Burada kabaca bir hesap yaparak, 92 yılı 63'e bölsek bir hükümete 1,5 yıl bile düşmemektedir iktidarını gösterip bir icraat ortaya koyabilmesi için.. Değil köprü, baraj vs yapmak; yaşayan insanların günlük mübrem ihtiyaçlarının görülmesi için bile bu süre yetmez.
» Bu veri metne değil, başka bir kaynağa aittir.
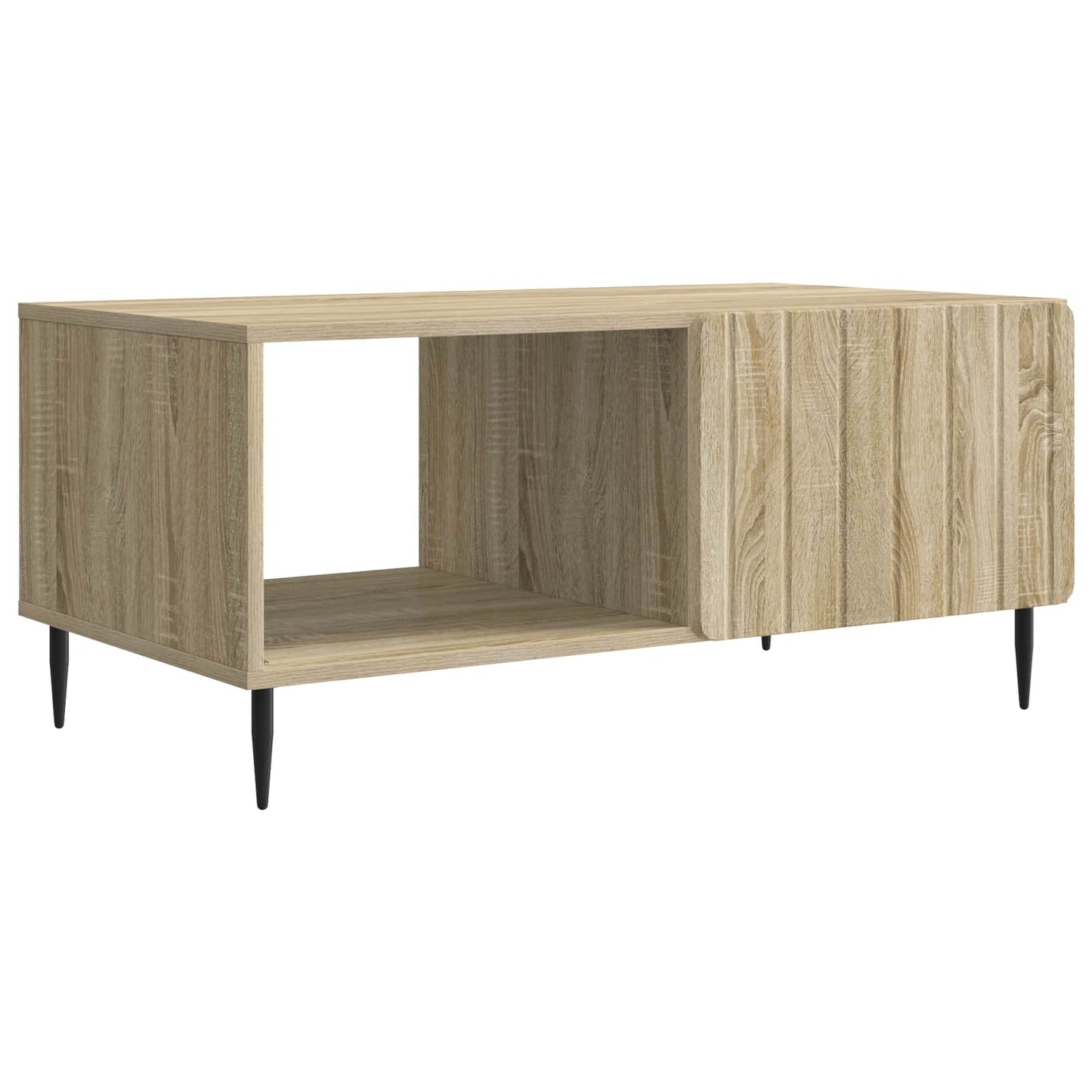 Salontafel Sonoma Eiken 90 x 50 x 40 cm Bewerkt hout is nu te koop bij PeponiXL, paradijselijk wonen!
Bir de Cumhurbaşkanı ve başbakanları sürekli çatışan, birbiriyle kavga eden, birçok konuda ayrılığa düşen, medyada birbirine laf yetiştiren bir ülke ki biz bunları çok yaşadık:
Atatürk ile İnönü'nün anlaşmazlıkları henüz tam olarak gün yüzüne çıkmadı. Sonra Celal Bayar.. iktidarı boyunca Menderes'in elini kolunu bağlamıştır.
Asker cumhurbaşkanlarını saymazsak; Demirel ile Özal, Cumhurbaşkanı veya başbakan iken sürekli kavgalıydılar, bir konuda bile uzlaştıklarını kimse söyleyemez. Özal, kendi seçtiği başbakanlarıyla bile anlaşıp uzlaşamadı, vefatına yakın parti kurmaya kalktığını da herkes bilir.
Ahmet Necdet Sezer'i ortaya çıkaran Ecevit'ti, birbirine Anayasa kitapçığı fırlatıp işi "Nankör" lükle suçlamaya kadar götürdüler. Abdullah Bey ile Erdoğan'ın arasına nifak sokamamaları ikisinin de tuzağın farkında olmalarındandır.
Demek ki yönetim aygıtında bir sıkıntı var ve adı BAŞKANLIK da olsa herkesin bir irade koyup sistemi onarmaları mecburidir.
Davutoğlu-Erdoğan ilişkisi yürüyorsa bu mayaları ve ideallerinin icabıdır.